1961: en una ciudad (o un país, un mundo) en que los hombres adultos no se hacen cargo de lo que engendran, en que las calles están llenas de vicio potencial, un hombre observador llamado Oswaldo Reynoso decidió contar, en su primer libro de cuentos, las historias de los hijos de las quintas, de una inocente collera de barrio que suele ser mirada con desprecio. Incluso hoy, en 2019, en el reestreno de esta adaptación teatral por el Festival Sala de Parto, ese desprecio (o, al menos, incomprensión) se oye en algunas reacciones de un público que, probablemente, nunca ha estado en contacto con uno de estos chibolos callejeros.


Oswaldo Reynoso decidió retratar las realidades callejeras de Lima.

Es que estos cinco personajes de no más de 17 años (Cara de Ángel, el Príncipe, Colorete, Carambola y el Rosquita, todos interpretados con verdad y mucho juego) son desvergonzados, rebeldes, juegan al billar, caminan con las manos en los bolsillos, se retan a corrérsela, roban una moto para repartirse la plata, beben cerveza a montones en el bar y (aquí es donde sonaron más ags) se masturban en escena, confrontacionales. Pero también son huérfanos, hijos olvidados por sus padres, rechazados por las “gilas”, temerosos de no ser lo suficientemente valientes, ansiosos por volverse hombres y volverse adultos en una Lima cargada de violencia, desenfreno, desinteresada en ellos y sus dilemas morales, sexuales. La ciudad te trastoca y te debes adaptar para sobrevivir.

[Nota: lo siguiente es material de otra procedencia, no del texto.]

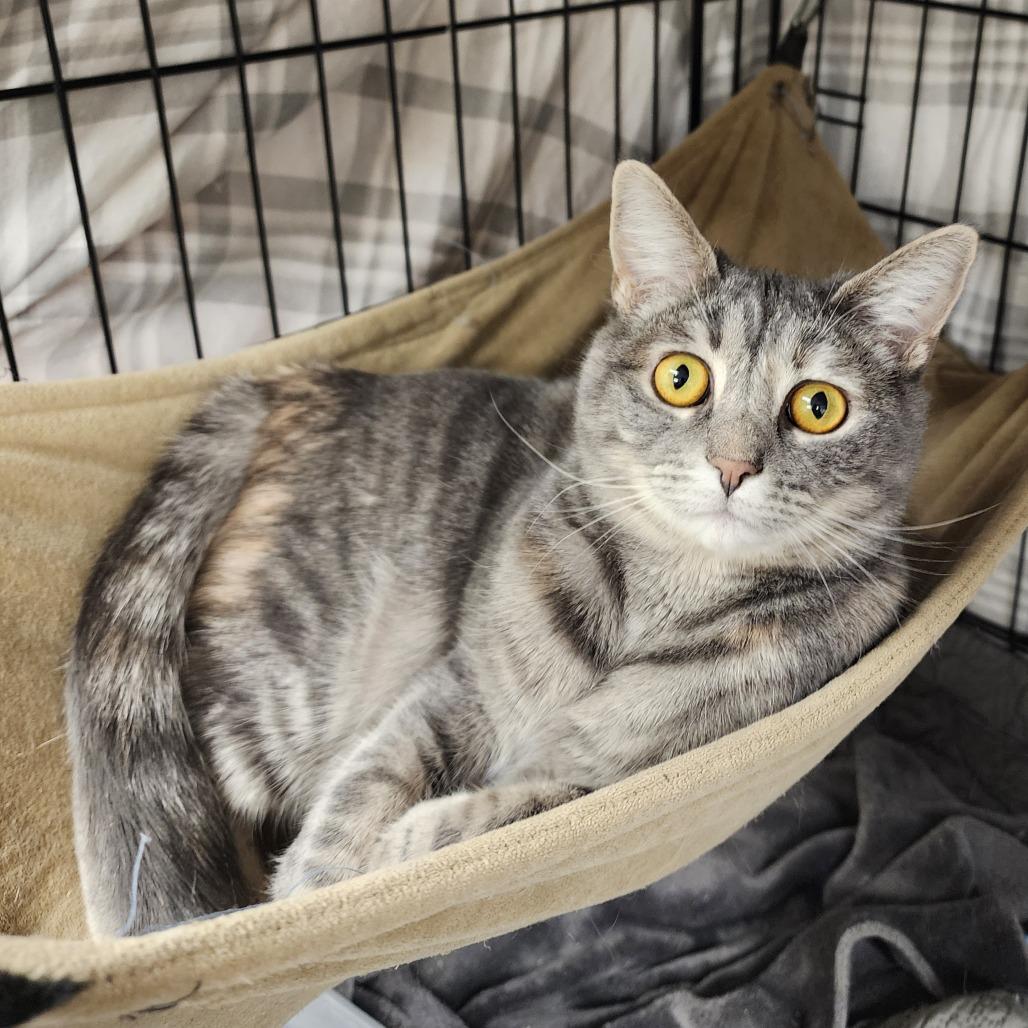 Enlarge Meadow, a Adoptable Domestic Short Hair in Monroe, MI image 2/2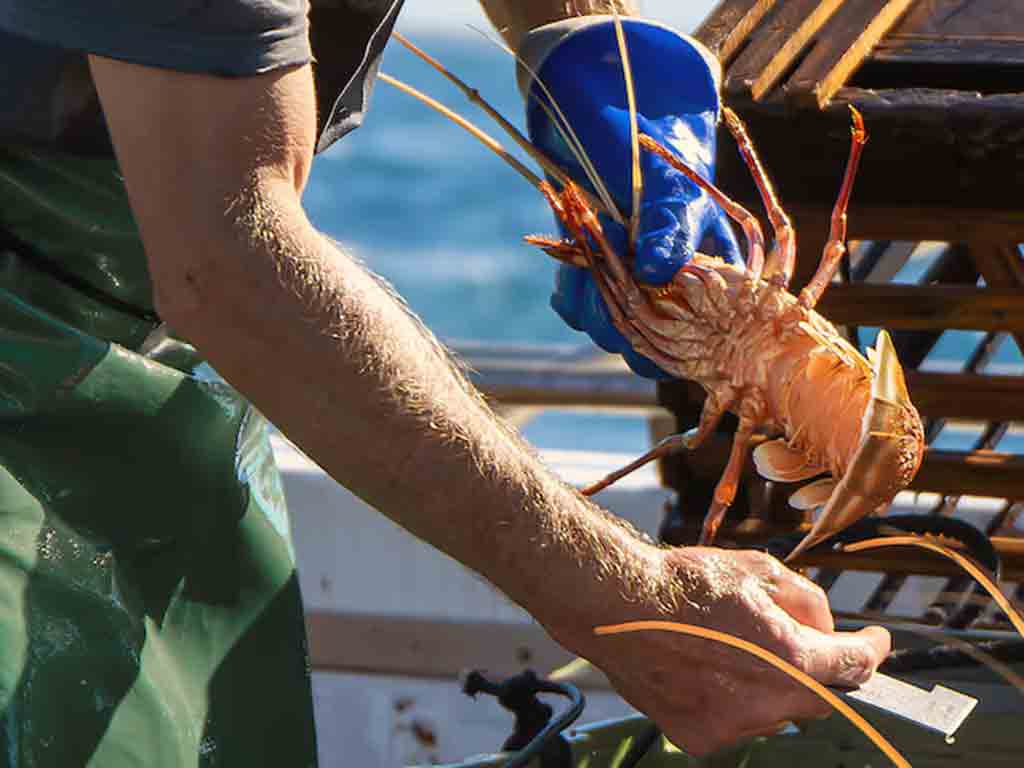 extenderan-en-sudafrica-periodo-de-pesca-de-langosta-de-roca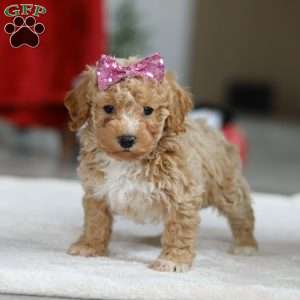 Remi, Bichon Frise Puppy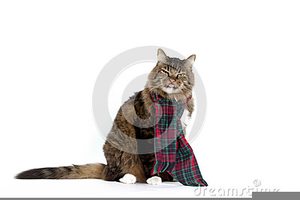 Cat Wearing A Backpack Clipart Image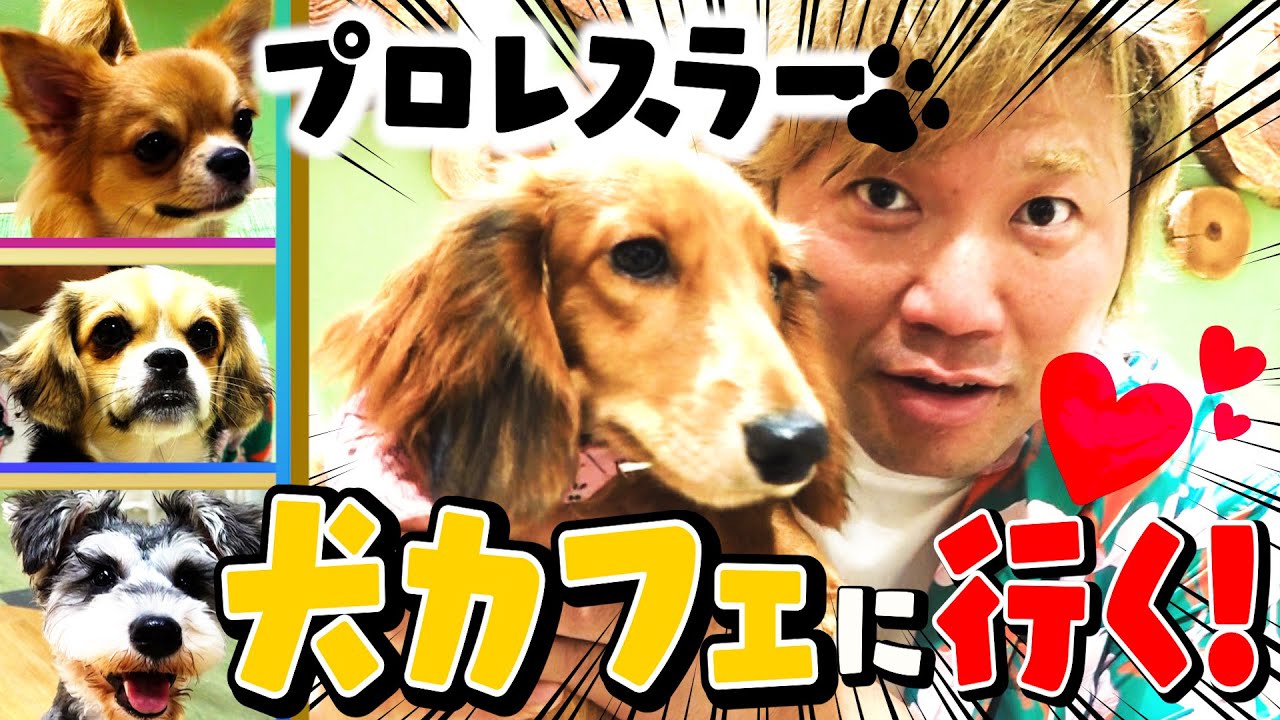 【ギャップ全開】最強レスラーが犬カフェでデレデレ!? 癒やされすぎ注意… #83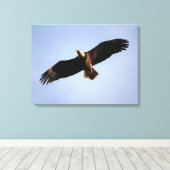 Bald Eagle Wingspread Canvas Afdruk (Insitu (Houten vloer))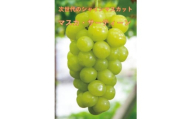 ＜2026年先行受付＞10月中旬より発送「牧丘天空マスカ・サーティーン」約1kg(2～3房)【1582590】
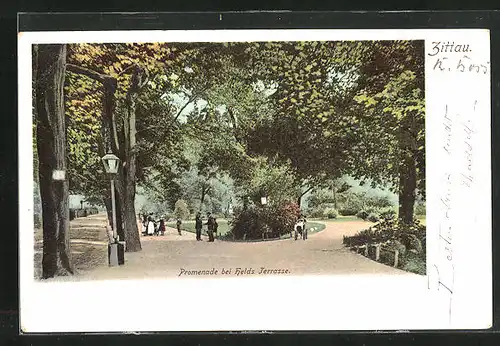 AK Zittau i. Sa., Promenade bei Helds Terrasse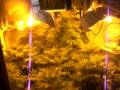 Grow Room Marijuana Part 2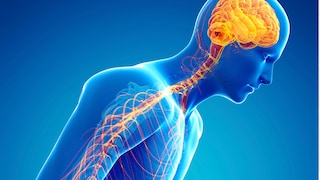 Duftstoff Farnesol gegen Parkinson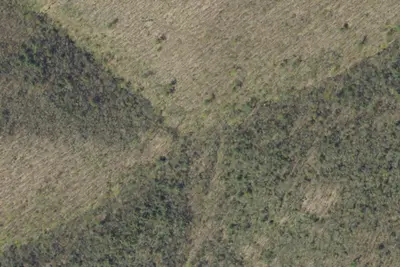Camp site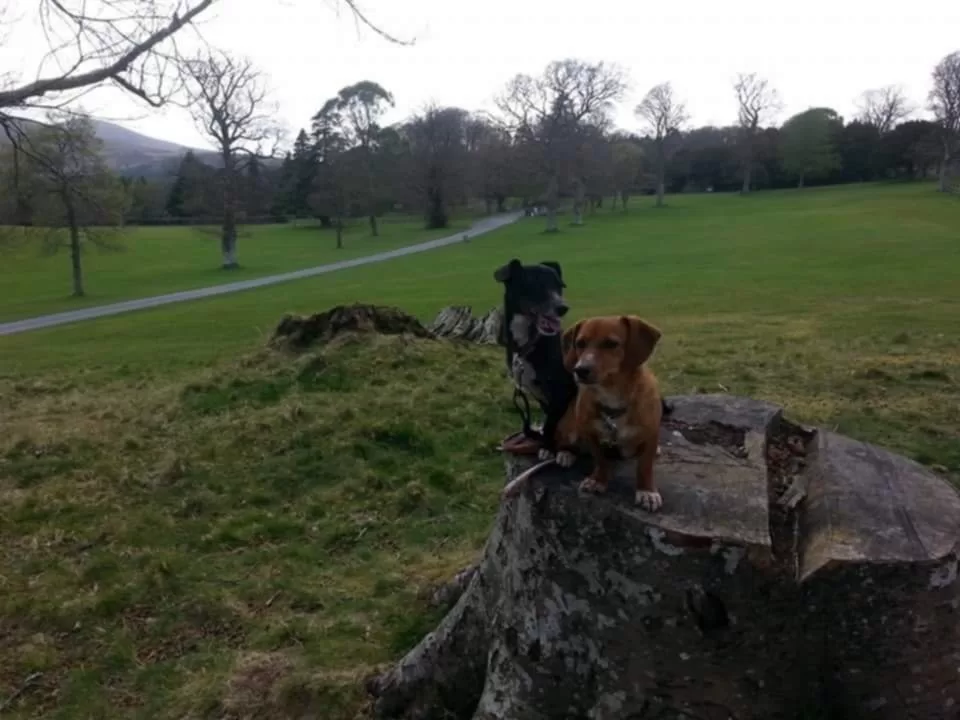 Two Dogs at Tollymore Forest Park 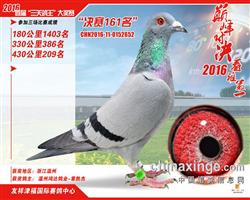 友祥津福公棚161位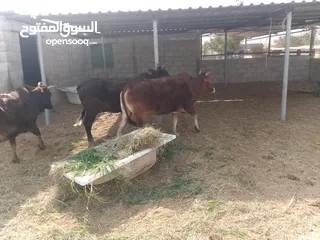  3 بقر عدد 3 للبيع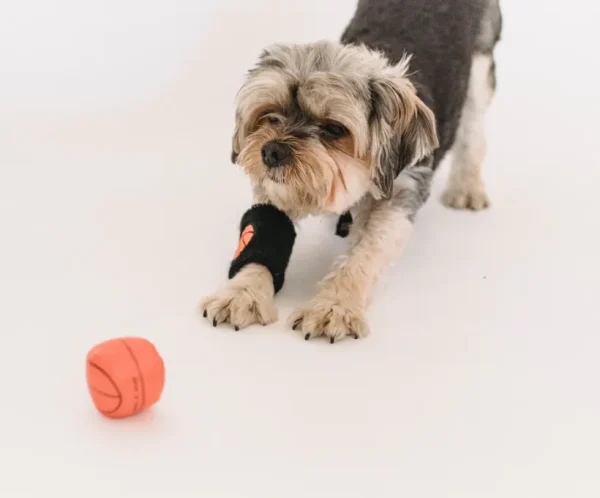 product-thumb-14_optimized Interactive Dog Ball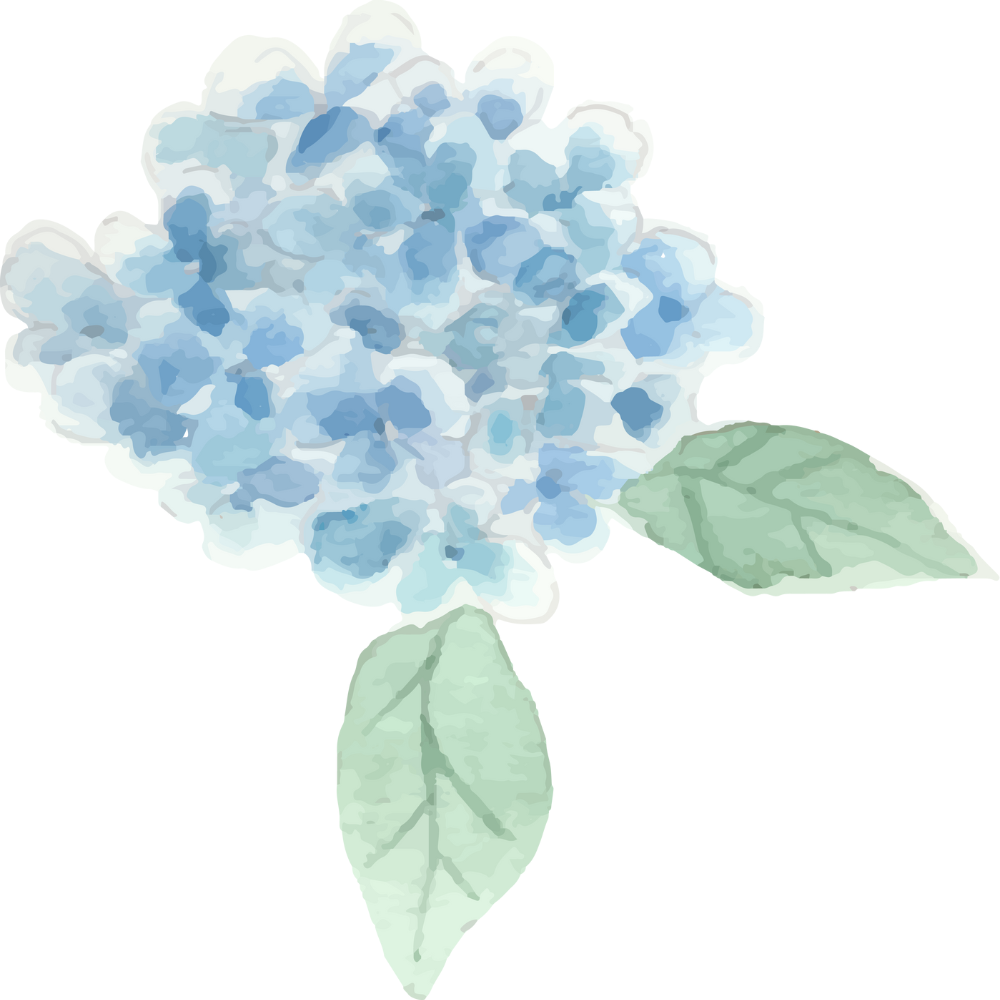 In-Home Design & Shopping (Long Island Only)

Hace casi dos años, Sammy Zamalloa decidió adaptar el libro de cuentos “Los Inocentes” a una obra de teatro. Decidió convocar actores y ensayar. Decidió no tocar los textos originales, pero darles corporalidad, darles terreno en lo escénico, y ha logrado una adaptación que no solo honra el trabajo de uno de nuestros autores más menospreciados (su rostro nos observa desde una foto colgada en el bar del barrio) sino que confronta al público tanto como el texto original. Sobre el escenario, vemos volar el pan de Cara de Ángel en pedazos, escupitajos imparables de cerveza sobre el Príncipe, los consejos de un feminicida a Carambola, la confusión sexual de Colorete y la carta falsa de la madre del Rosquita en letras enormes sobre una pizarra: “tiene veinte años, por lo que está permitido de hacer cosas de hombres”. Una confrontación menos densa: el alivio cómico que trae un oficial de policía con cabeza de muñeco, irreverente en su ineptitud, tan risible como pendejo.


Primer afiche de la obra, estrenada en 2018.

Entre el rocanrol y los boleros, entre la arrechura incontenida de la adolescencia, mantener el texto también ha permitido que las escenas nunca caigan en un espíritu discursivo o panfletario: la idea es empatizar, intentar entender una realidad que no ha sido tan privilegiada con toda la ciudad. Pero también cuestionar algunos comportamientos masculinos que han moldeado generaciones, que sostienen que hay cosas obvias que un hombre debe hacer para serlo (pendejear, beber como romano, mecharse a la primera oportunidad) y que acaso ha sobrevivido con brío hasta después de sesenta años (toda mi primaria vi cómo los yán-quén-pós siempre terminaban con un brazo enrojecido por golpes soltados a dedo).


No sabemos si “Los Inocentes” regresarán pronto, pero valdría la pena. Cabe la posibilidad de una reacción final: darse cuenta que, en nuestros nuevos mundos llenos de tecnología, redes sociales y memes, tal vez nos parecemos a esta collera más de lo que creemos: “a pesar de tus gracias, de tu risa y palomillada eres triste porque comprendes que un muchacho como tú puede perderse”. Pero Zamalloa tuvo la gran decisión de cerrar esta obra de la misma forma en que Reynoso cierra la historia del Rosquita: recordándonos que toda Lima es un campo minado de tentación (sobre todo de dinero), pero que nos queda aferrarnos a reconocer nuestra propia bondad y guardar la esperanza de conocer otro corazón a la altura de nuestra inocencia.